Accordingly, secured creditors should keep the following in mind going forward:
(a) if entering into a new security agreement prior to the Effective Date, file in both the registered office and chief executive office jurisdictions of a business debtor; and
(b) for existing security agreements, well in advance of December 31, 2020, identify if any business debtors have registered offices outside of Ontario and, if so, register in those jurisdictions and perform the requisite searches to determine what your priority is in the new jurisdiction of filing.
Conflicts of Law
While the Amendments bring greater certainty about determining a debtor’s location for perfection of security interests in Section 7(1) Collateral, secured creditors will continue to face challenges owing to the lack of harmony among the provinces and territories in this regard. No other province or territory has announced an intention to make the same changes to their respective personal property security statutes, meaning that, as a practical matter, secured creditors will continue to incur the time and expense of taking steps to perfect in multiple jurisdictions so long as conflict of laws rules do not align. An example would be a business debtor formed under the laws of British Columbia having a chief executive office in Ontario with intangible or mobile collateral of the type covered by Section 7(1) of the PPSA: under the Amendments, British Columbia law would govern perfection, whereas the British Columbia personal property security regime specifies that Ontario law governs. The PPSA addresses this problem of each of the two provinces endlessly directing the issue back to the other by providing that a reference to the laws of a jurisdiction is a reference to the internal laws of that jurisdiction, excluding the conflicts of law rules. However, multiple common law provinces and territories do not expressly contain a comparable provision, and there is little judicial guidance on this topic. Consequently, secured creditors will continue to take the cautionary route of perfecting in multiple jurisdictions if the common law provinces and territories are not harmonized on this topic.
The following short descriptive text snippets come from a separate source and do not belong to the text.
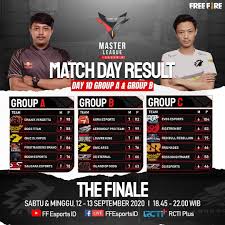 Free fire master league akan berlangsung 8 agustus hingga 19 september 2020. Rekap Free Fire Master League Season 2 Minggu 5 Aura Esports Kuasai Klasemen Hybrid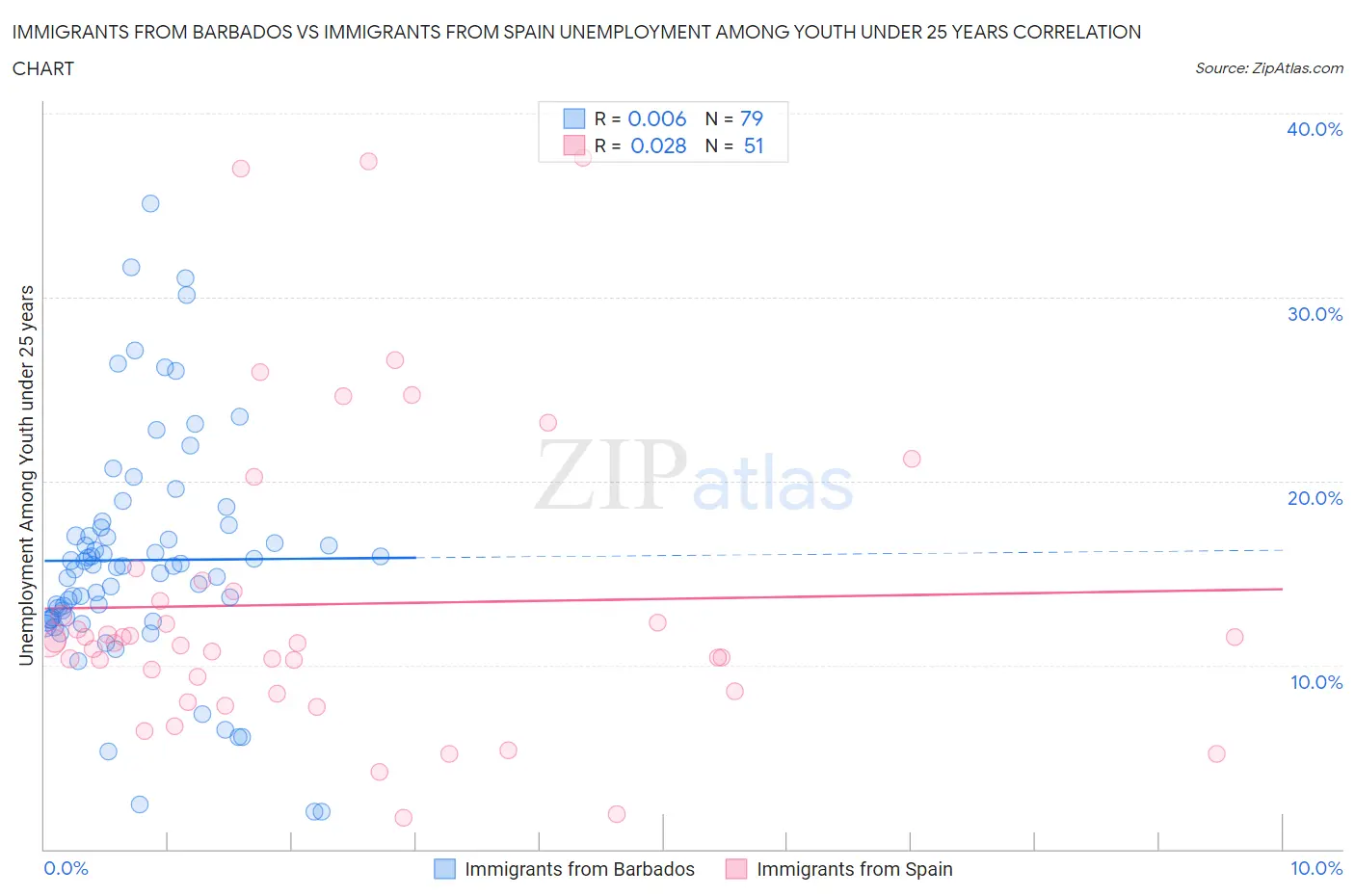 Immigrants from Barbados vs Immigrants from Spain Unemployment Among Youth under 25 years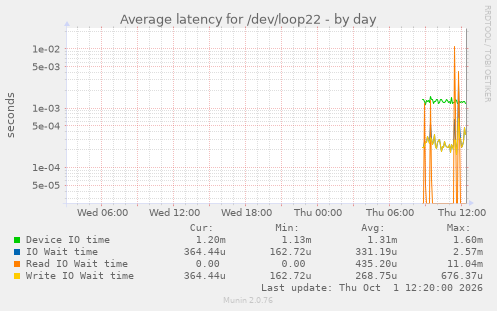 Average latency for /dev/loop22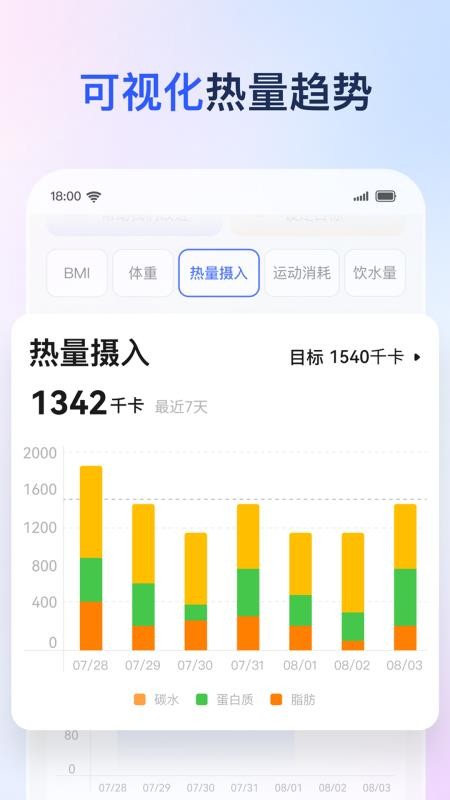 轻卡健康截图0
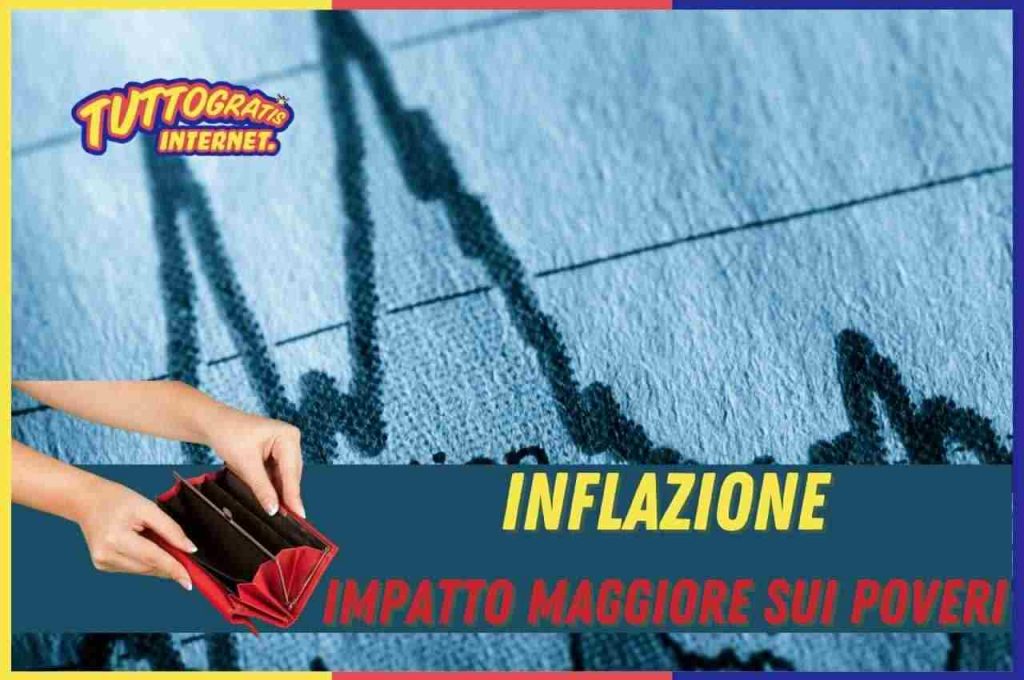 Inflazione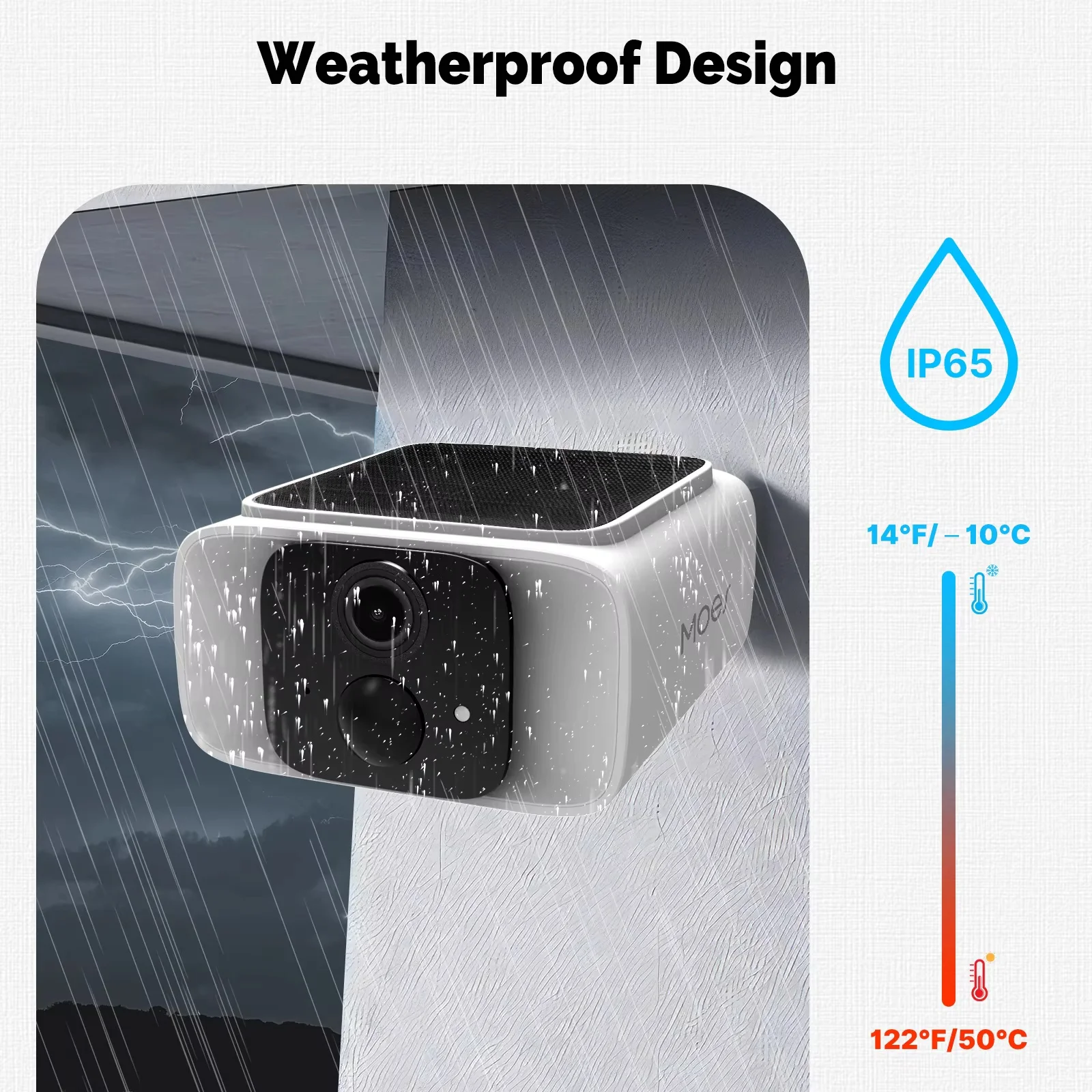 MOES Tuya Smart WiFi Solar Powered Camera 2.4GHz 5GHz Dual Band Outdoor IP65 Waterproof Security APP Monitoring Alexa Google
The Amendments bring clarity to the location of the debtor under the PPSA, but, ultimately, practical complications will remain during the transitional period and beyond if Canadian common law provinces and territories are not harmonized on this aspect of the law. The hope of secured creditors and legal practitioners alike is that the other common law provinces and territories will follow Ontario’s lead in amending their personal property security statutes to eliminate these conflict of laws concerns.
This update is intended as a summary only and should not be regarded or relied upon as advice to any specific client or regarding any specific situation.